• What this task involves:
Line by line, give the data again exactly as it appears, but without pictures.

• Source records:
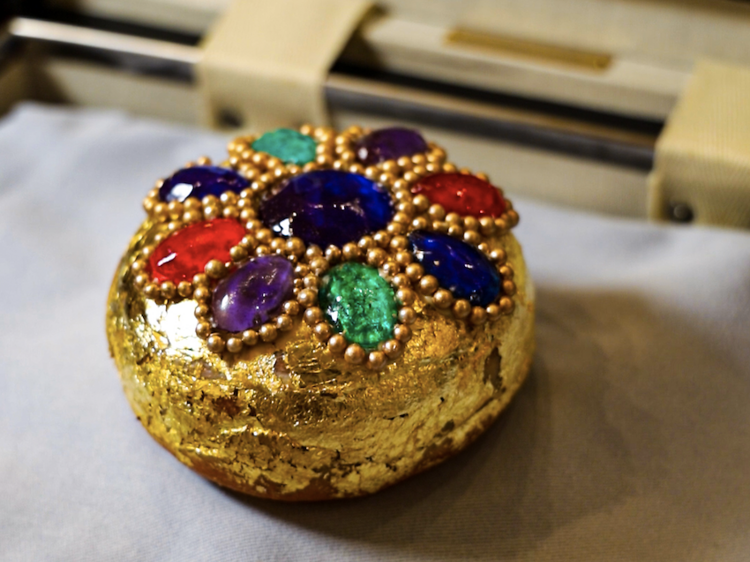 You can indulge in a $300, gold-encrusted bombolone at this Upper East Side bakery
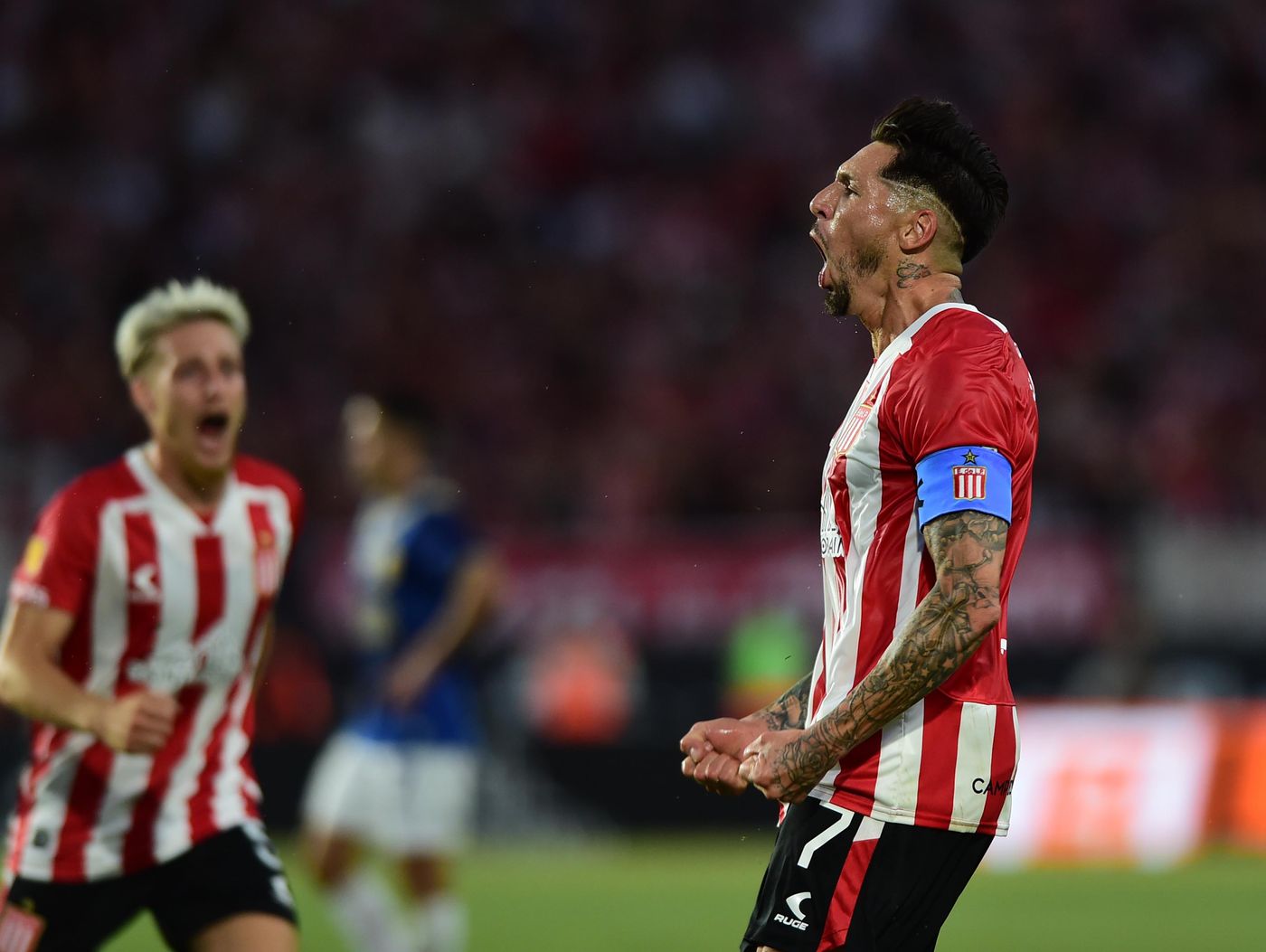 Estudiantes Rosario Central Sosa festejo gol 3.jpg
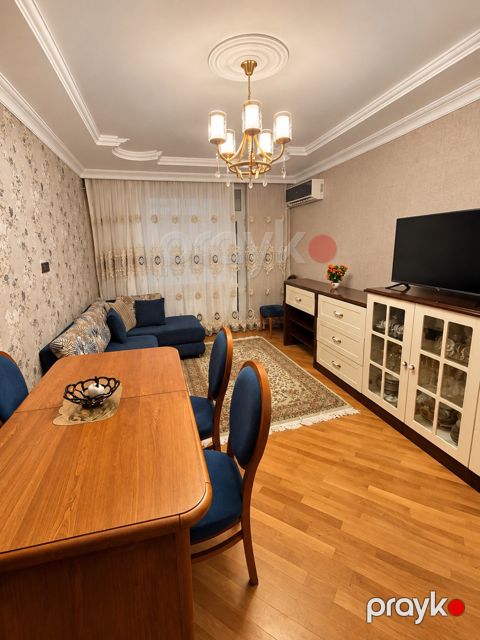 Satılır 3 otaqlı köhnə tikili 80 m² — Bakı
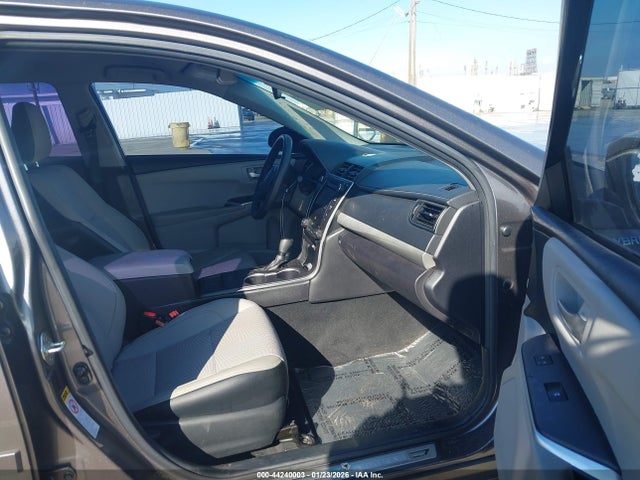 4T1BD1FK4HU215361 Toyota Camry Hybrid Se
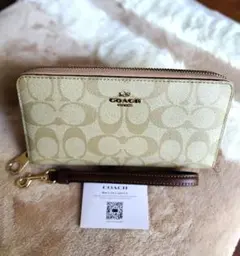 COACH ベージュ ピンク 長財布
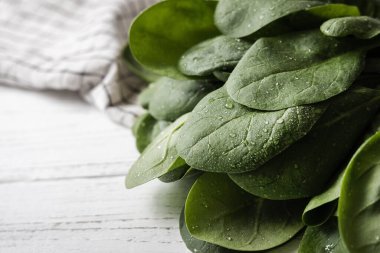 Çamaşır havlusunda taze yıkanmış ıspanak.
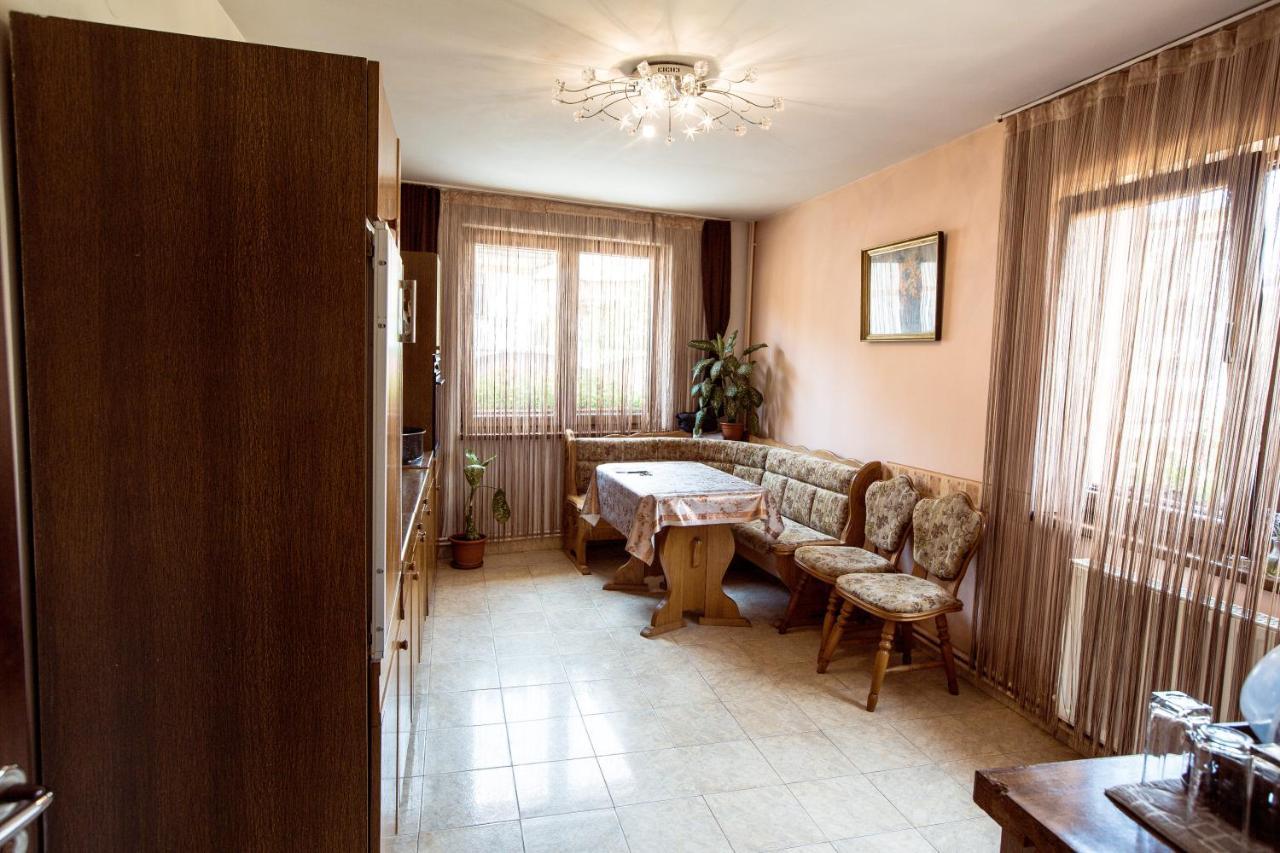 Pensiunea Beltina Răşinari Kültér fotó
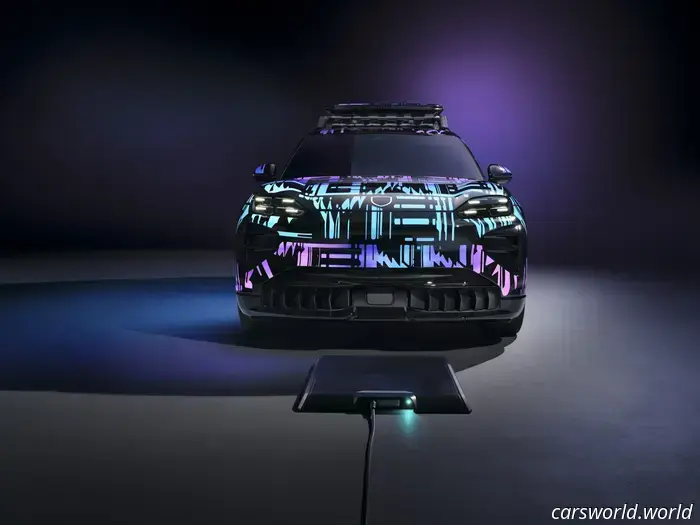 La Porsche Cayenne elettrica del 2026 avrà la ricarica wireless.
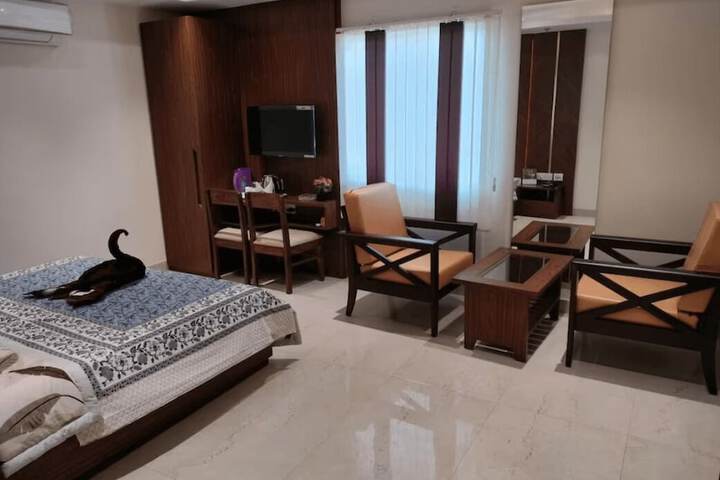 Room 7 of 18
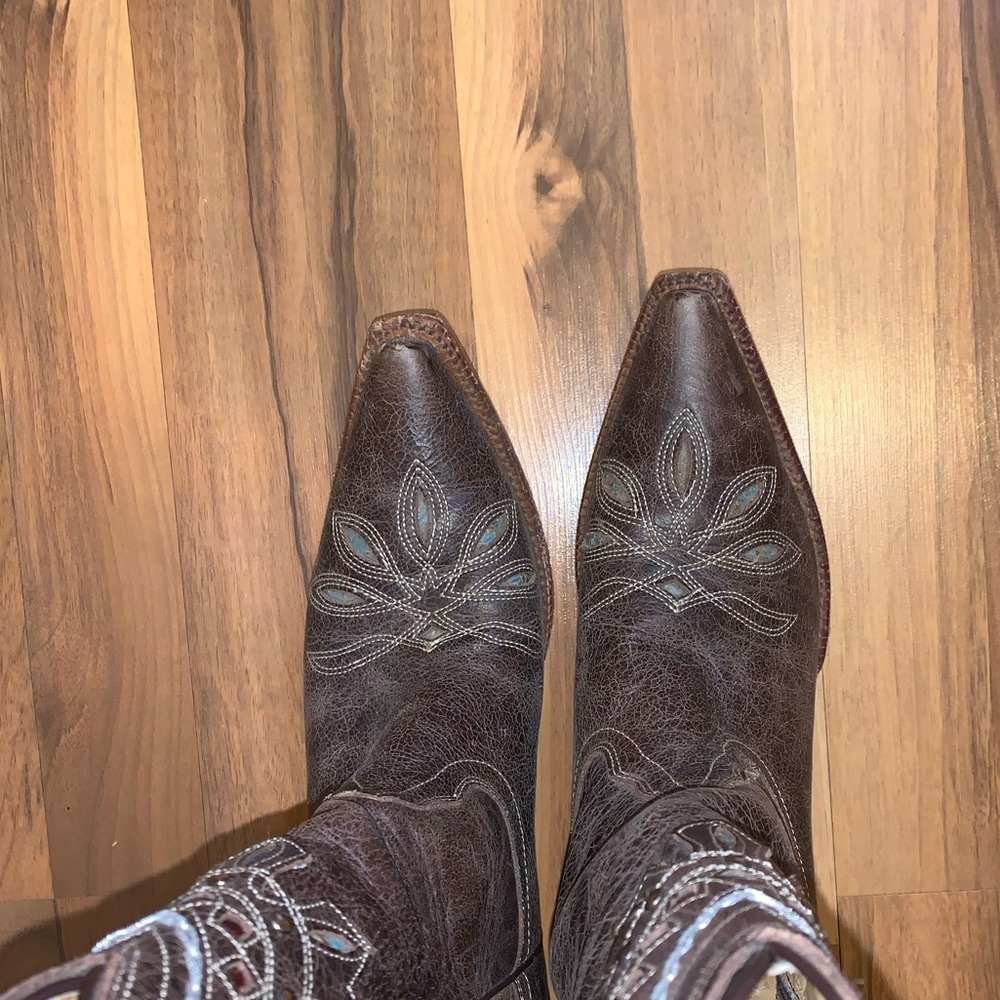 Tony Lama cowgirl boots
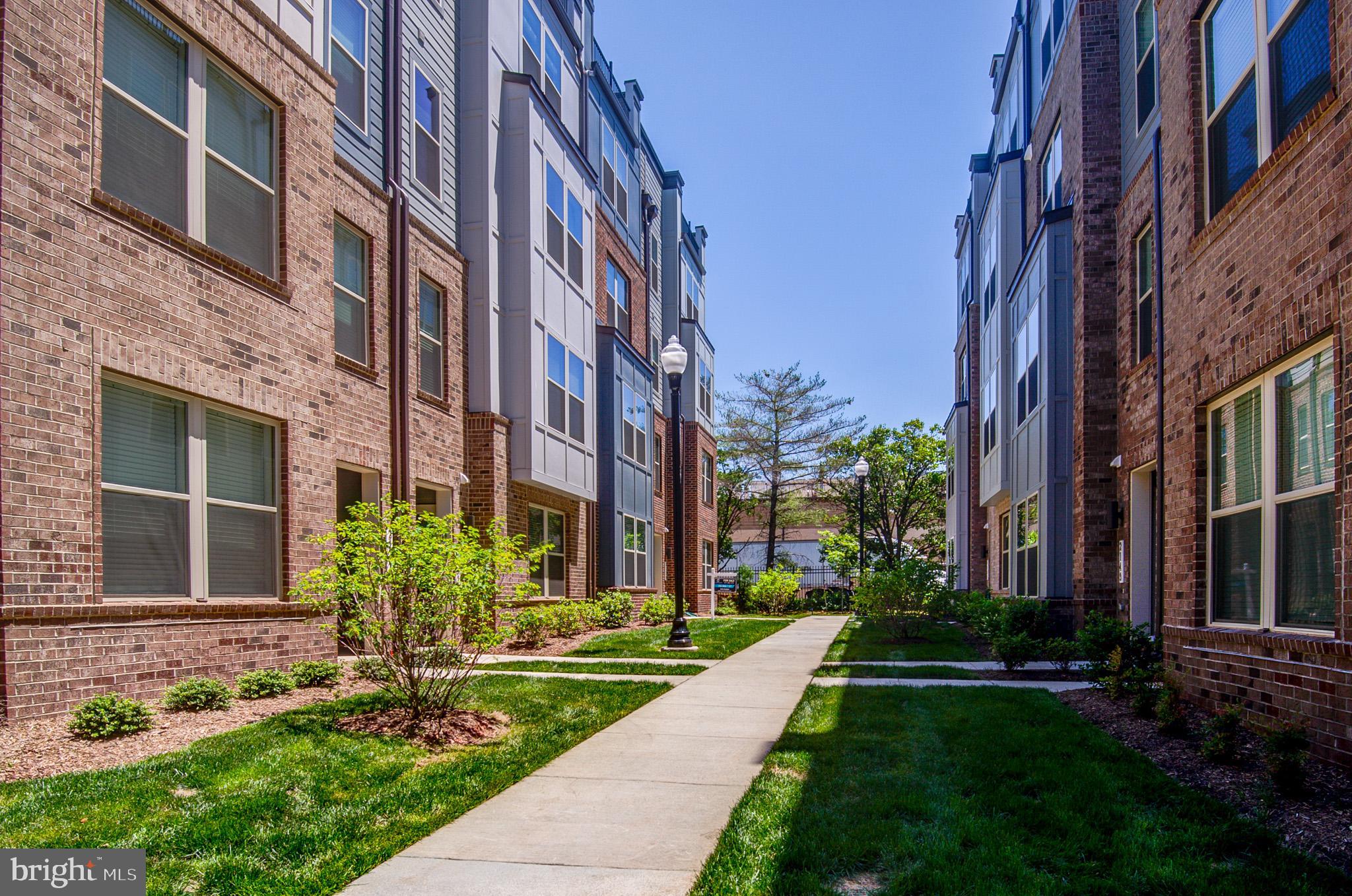 2127 GLACIER ROAD 86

• Task output:
 You can indulge in a $300, gold-encrusted bombolone at this Upper East Side bakery
 Estudiantes Rosario Central Sosa festejo gol 3.jpg
 Satılır 3 otaqlı köhnə tikili 80 m² — Bakı
 4T1BD1FK4HU215361 Toyota Camry Hybrid Se
 COACH ベージュ ピンク 長財布
 Çamaşır havlusunda taze yıkanmış ıspanak.
 Pensiunea Beltina Răşinari Kültér fotó
 La Porsche Cayenne elettrica del 2026 avrà la ricarica wireless.
 Room 7 of 18
 Tony Lama cowgirl boots
 2127 GLACIER ROAD 86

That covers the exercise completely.